There’s more on the horizon that will make this move a success. Online gambling has been a battle, but the end is in sight and it looks to favor of those who want to spend their money as they choose. With Zynga’s new independent platform, it can capitalize on this win, whereas, if it were still tied to Facebook, the battle could linger. Facebook is a social site and has already taken the stand of protecting young users. The legalization of online gambling would be slow to be allowed into this ‘safe’ environment, and even then, after a battle that would most likely cost both companies.
Also, increased smartphone and tablet use and users' shift toward free games will be a huge win for Zynga. Two words could catapult Zynga beyond all expectations: iPad 3.
Finally, Zynga boasts a ‘buy vs. build’ strategy which allows it to be more profitable than other companies focusing on generating hardware/software in house. The company currently claims 240 million active users. With a new platform, this could easily double. Scaling to those heights would be costly for those companies who follow the DIY approach. The zCloud, however, is built upon cloud computing software by Cloud.com (now part of Citrix), its analytics platform is primarily a Vertica database (now part of HP) and its application servers run the Couchbase NoSQL database. This outsourcing strategy gives it the leg up it needs to compete against companies with high operating costs.
A perfect example of this competition involves Activision Blizzard (NASDAQ: ATVI), the creator of games like Warcraft, Starcraft, and Diablo series. Activision released its first installment of Warcraft in 1994 and has continued to release expansion packs that greatly improve the game’s length and depth of play. These expansion packs operate on the company’s own platform and boasts more than 10 million active users.

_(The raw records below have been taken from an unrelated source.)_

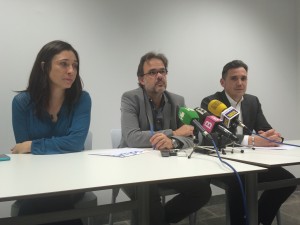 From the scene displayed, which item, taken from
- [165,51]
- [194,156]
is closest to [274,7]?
[165,51]

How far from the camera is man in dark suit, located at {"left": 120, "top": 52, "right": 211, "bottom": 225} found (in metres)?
1.67

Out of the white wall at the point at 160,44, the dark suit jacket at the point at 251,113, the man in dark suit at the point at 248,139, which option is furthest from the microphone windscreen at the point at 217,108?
the white wall at the point at 160,44

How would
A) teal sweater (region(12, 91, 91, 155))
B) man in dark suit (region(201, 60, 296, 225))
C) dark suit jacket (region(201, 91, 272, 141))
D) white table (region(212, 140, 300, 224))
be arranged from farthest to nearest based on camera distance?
dark suit jacket (region(201, 91, 272, 141)) < man in dark suit (region(201, 60, 296, 225)) < teal sweater (region(12, 91, 91, 155)) < white table (region(212, 140, 300, 224))

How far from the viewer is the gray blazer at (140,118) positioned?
6.10ft

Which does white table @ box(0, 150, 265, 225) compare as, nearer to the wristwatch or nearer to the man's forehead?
the wristwatch

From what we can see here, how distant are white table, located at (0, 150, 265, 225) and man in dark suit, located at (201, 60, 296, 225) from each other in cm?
50

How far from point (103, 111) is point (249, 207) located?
169 centimetres

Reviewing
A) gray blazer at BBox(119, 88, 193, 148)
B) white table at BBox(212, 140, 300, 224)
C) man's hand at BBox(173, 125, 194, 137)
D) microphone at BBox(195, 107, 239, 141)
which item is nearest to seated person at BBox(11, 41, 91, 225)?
gray blazer at BBox(119, 88, 193, 148)

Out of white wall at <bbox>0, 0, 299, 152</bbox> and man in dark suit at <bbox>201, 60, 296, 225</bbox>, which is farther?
white wall at <bbox>0, 0, 299, 152</bbox>

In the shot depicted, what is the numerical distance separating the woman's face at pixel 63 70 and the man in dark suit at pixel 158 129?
42 cm

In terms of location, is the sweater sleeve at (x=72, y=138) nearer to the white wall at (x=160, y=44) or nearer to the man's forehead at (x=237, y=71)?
the white wall at (x=160, y=44)

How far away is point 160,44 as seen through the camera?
292 cm

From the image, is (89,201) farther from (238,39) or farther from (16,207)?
(238,39)

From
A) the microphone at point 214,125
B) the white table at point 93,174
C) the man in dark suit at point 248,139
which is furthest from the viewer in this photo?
the man in dark suit at point 248,139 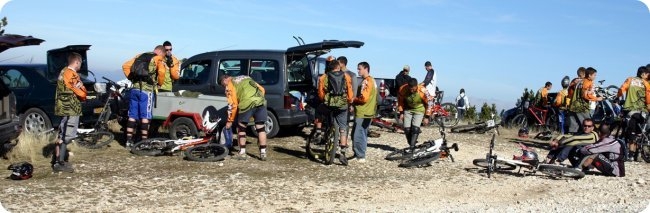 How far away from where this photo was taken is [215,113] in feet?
35.3

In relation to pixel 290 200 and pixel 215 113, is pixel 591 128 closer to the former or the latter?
pixel 290 200

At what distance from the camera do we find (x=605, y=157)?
30.7ft

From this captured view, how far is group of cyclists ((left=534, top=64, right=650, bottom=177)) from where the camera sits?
9.34 metres

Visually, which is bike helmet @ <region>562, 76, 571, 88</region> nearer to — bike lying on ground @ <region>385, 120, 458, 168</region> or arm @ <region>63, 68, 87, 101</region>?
bike lying on ground @ <region>385, 120, 458, 168</region>

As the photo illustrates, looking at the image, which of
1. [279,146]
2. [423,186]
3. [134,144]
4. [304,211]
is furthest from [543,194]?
[134,144]

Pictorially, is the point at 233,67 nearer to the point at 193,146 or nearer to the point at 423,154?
the point at 193,146

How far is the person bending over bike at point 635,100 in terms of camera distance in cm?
1137

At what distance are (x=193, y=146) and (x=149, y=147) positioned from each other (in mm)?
746

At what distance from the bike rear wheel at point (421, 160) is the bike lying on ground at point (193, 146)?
2.60 m

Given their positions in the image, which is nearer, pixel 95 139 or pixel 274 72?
pixel 95 139

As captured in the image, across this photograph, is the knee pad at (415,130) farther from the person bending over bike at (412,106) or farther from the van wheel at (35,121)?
the van wheel at (35,121)

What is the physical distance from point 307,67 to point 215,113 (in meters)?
2.34

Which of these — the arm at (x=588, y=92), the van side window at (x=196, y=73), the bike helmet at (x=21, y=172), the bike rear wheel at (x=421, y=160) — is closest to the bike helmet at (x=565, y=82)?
the arm at (x=588, y=92)

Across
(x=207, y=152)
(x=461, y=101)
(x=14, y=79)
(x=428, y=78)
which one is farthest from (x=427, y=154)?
(x=461, y=101) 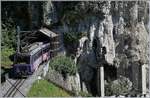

The expansions are inherently inexpensive to produce, as they are built on the same platform as the original titles and also relatively easy to advertise, as the captive customer base is already aware of and anticipating the next release. Even so, Activision relies on the creation and operation of these in house, increasing operation costs to a level far above Zynga.
A Look at the Numbers
Zynga’s latest financial results are a clear indication that the company must transition to a platform provider without restrictions of its social network partners. The company earned over a billion dollars in 2011, but ended up losing $405 million on the year. Roughly $445 million went to Facebook as the cost of doing business on its platform. With the augmentation of its own platform, this is money kept in house to solidify its position and continue growing.
Zynga.com has the potential to pull in hundreds of millions of users. On its own, it will have the ability to create a more balanced revenue stream. Currently, about 90% of the company’s revenue is with in-game purchases, leaving only about 10% revenue from advertising. It’s own platform can equalize this, allowing it to capitalize on the true life’s-blood of most web-platform companies: Advertising.
Similarly, Activision’s expansions continue to produce annuity-like revenue streams from paying customers through purchasing lengthened storylines, playable characters, and powers. Their advertising is also limited, however, and rely heavily on partnerships with retailers to sell their products.
Although Zynga and Activision cater to two different consumer types, both are efficiently prepared for consistent profitability over time by continuing to expand a customer base through expanded platforms and increasing revenue through advertising.
Zynga’s stock has ranged from $7.97 and $15.91 since its initial public offering. Its calculated and measured strategy toward independence will be the foundation of its success. I believe we will see the positive performance of Zynga’s stock in the coming weeks.